The Nasdaq-100 index is home to 100 of the largest technology companies listed on the Nasdaq stock exchange. It had a miserable year in 2022, declining by 33% as investors trimmed their bets on the high-growth tech sector.
But based on the annual returns of the Nasdaq-100 dating back to 1986, consecutive down years are incredibly rare. In fact, the index has only fallen two years in a row on one occasion — during the dot-com crash between 2000 and 2002.
While the current environment poses its own unique challenges like red-hot inflation and rapidly rising interest rates, there’s a likelihood that, based on history alone, the Nasdaq could be set for a bumper 2023.
That’s because the index has delivered an average return of 51% in the first positive year following a loss, and given the rarity of consecutive declines, the odds suggest 2023 is likely to be green. But investors will need to see economic headwinds subside, and there are already some early signs that’s happening.
If the Nasdaq-100 does soar this year, here’s why electric vehicle powerhouse Tesla (TSLA 3.68%) might be the ideal stock to own.
A soaring Nasdaq will foster risk-on sentiment among investors
What makes Tesla the ideal stock to buy if the Nasdaq-100 rockets higher? Well, over the last 12 months, it has collapsed in value by 72% in a process called multiple contraction. It’s when investors decide they want to pay a lower valuation for a company even though its financial performance hasn’t necessarily deteriorated.
This happens for a few reasons, typically during periods when interest rates are rising and economic conditions are weak. When interest rates increase, investors can get a better risk-free return, which means they aren’t willing to pay as high of a price for riskier assets like stocks.
There are a few challenges specific to Tesla, though. Naturally, with a weaker economy, consumers have less money to spend on big-ticket items like electric vehicles, and there is some evidence that demand has fallen, especially based on Tesla’s order backlog, which declined by 60% between July and November last year.

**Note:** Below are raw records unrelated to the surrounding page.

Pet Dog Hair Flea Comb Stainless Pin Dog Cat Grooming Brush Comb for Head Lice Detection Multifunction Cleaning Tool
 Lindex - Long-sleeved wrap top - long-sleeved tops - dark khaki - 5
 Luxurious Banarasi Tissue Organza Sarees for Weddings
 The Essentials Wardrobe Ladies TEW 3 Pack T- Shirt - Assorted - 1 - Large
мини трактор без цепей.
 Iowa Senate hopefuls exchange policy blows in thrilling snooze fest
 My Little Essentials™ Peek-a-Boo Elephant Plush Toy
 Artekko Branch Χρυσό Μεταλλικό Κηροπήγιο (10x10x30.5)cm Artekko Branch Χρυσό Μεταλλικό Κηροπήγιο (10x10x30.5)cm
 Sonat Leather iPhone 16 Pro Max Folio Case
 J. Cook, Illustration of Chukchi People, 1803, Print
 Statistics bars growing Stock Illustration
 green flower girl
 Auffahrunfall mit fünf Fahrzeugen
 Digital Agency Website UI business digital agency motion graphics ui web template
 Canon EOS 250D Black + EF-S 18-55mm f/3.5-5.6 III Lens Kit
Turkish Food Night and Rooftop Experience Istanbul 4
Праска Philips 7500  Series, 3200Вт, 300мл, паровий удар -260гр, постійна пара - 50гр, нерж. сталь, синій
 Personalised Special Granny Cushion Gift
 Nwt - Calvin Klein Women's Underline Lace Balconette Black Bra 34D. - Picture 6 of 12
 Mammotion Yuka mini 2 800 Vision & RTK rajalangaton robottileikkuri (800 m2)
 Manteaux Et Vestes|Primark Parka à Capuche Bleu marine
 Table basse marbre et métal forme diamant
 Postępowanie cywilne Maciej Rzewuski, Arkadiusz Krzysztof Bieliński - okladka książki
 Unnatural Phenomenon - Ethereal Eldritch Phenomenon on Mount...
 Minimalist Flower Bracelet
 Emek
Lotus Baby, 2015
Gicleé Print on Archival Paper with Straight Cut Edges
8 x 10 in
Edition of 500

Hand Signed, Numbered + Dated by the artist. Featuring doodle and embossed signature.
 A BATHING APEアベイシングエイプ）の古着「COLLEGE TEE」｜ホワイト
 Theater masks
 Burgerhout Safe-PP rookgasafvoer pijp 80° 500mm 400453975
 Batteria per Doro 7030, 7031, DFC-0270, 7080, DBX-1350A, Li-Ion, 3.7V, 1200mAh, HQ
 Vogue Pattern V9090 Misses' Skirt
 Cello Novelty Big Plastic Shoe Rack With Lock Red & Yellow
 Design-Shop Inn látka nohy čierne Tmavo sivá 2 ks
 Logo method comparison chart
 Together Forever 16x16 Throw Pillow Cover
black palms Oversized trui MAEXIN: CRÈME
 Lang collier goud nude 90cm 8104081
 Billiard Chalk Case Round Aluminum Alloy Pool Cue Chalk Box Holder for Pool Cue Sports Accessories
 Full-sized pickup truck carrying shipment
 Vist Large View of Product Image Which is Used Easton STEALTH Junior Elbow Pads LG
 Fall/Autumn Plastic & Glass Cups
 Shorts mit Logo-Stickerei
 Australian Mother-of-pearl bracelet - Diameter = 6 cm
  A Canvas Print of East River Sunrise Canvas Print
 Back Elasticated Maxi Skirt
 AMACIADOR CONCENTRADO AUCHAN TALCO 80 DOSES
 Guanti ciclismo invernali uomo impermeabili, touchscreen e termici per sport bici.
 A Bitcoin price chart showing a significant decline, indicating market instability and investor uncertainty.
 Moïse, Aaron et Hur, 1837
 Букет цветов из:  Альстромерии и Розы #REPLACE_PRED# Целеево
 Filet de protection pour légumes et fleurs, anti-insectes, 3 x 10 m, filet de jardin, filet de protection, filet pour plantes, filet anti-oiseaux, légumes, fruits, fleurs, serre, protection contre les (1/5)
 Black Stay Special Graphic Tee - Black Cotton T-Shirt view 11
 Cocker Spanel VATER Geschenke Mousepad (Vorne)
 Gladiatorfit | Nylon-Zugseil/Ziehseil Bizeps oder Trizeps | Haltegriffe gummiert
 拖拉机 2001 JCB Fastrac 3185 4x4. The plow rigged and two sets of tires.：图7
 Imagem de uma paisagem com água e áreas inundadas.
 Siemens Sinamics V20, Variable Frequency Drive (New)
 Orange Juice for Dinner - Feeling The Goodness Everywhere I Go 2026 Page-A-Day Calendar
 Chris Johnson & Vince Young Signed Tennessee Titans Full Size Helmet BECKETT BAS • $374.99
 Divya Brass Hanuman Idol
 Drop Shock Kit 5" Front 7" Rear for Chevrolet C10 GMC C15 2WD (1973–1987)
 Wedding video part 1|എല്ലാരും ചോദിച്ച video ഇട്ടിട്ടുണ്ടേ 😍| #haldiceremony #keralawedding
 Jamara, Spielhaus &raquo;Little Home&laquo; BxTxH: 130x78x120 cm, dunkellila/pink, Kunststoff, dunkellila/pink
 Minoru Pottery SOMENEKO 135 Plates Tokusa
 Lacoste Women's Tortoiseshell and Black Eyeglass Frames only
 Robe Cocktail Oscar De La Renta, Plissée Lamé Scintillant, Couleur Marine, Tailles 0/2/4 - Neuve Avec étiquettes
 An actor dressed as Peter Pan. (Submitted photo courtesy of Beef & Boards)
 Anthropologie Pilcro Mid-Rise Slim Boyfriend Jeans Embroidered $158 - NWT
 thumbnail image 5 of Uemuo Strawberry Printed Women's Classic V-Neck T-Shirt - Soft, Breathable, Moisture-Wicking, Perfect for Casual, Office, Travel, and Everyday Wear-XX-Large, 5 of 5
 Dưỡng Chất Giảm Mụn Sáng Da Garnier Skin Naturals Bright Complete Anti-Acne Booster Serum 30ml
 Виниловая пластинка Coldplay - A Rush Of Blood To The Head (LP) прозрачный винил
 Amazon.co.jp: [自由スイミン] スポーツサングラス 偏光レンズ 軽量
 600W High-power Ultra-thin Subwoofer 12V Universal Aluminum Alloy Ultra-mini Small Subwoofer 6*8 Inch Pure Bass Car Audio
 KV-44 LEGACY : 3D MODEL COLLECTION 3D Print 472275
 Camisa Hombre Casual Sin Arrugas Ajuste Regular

Plus, CEO Elon Musk appears distracted by his recent $44 billion purchase of Twitter. At a difficult time like the present, investors would prefer to see him laser focused on Tesla, but that seems unlikely in the short term.
Based on its trailing-12-month earnings per share, Tesla stock trades at a price-to-earnings (P/E) multiple of 30 right now. That’s a big step down from the multiple of 100 (and beyond) it traded at in 2022 and for many years prior.
That spells opportunity
Tesla did just deliver 1.31 million cars in 2022, which was a whopping 40% increase compared to the previous year. It’s also expected to produce vehicles at an annual run rate of 2 million units in 2023, which, if it sells them all, would be another spectacular year of growth.
Tesla could be set for a bumper year of progress on many fronts. The company delivered its first semitruck to soda and snacks giant PepsiCo in December, and it plans to scale to an annual production rate of 50,000 units by 2024, so investors should see a substantial ramp-up during 2023.
Plus, the company also plans to rapidly scale production of its long-awaited Cybertruck this year. Both of these milestones mark Tesla’s expansion beyond traditional passenger vehicles, inviting new pools of potential customers.
In 2022, the company opened two new Gigafactories in Texas and Berlin, and rumors are swirling about an imminent announcement for a brand-new factory in Mexico to further grow its production capacity.
2023 might be exciting for Tesla, but it’s still a long-term story
If you recall from earlier, Tesla’s current price-to-earnings multiple based on its trailing (past) earnings stands at 30 right now. But based on analysts’ estimates of $5.15 per share in 2023 earnings, its forward multiple is just 22.
That means, if Tesla is to maintain a 30 multiple on a trailing basis by the end of 2023, and assuming it hits the earnings estimates, Tesla stock would have to rise by 36%. That’s the benefit of buying shares in a fast-growing company — its stock gets much cheaper the further into the future you look.
Speaking of the future, it’s not all about making electric vehicles. The company is expanding into other areas with arguably just as much growth potential. One key vertical is autonomous full self-driving technology. Software tends to carry a high gross profit margin of 80% or more, so this should continue to be an important financial tailwind for the company as more Tesla vehicles hit the road.
Plus, Tesla has a booming residential solar power and storage business that is struggling to keep up with demand. And, at its recent artificial intelligence (AI) day, the company revealed a revolutionary humanoid robot called Optimus. While it won’t be ready for sale until 2027, it could be a multibillion-dollar opportunity while revolutionizing low-skilled work.
If the Nasdaq-100 soars this year as history suggests it will, Tesla could be among the top performers. But any return it delivers might pale in comparison to its potential over the long term, so a five- to 10-year outlook could yield the best results.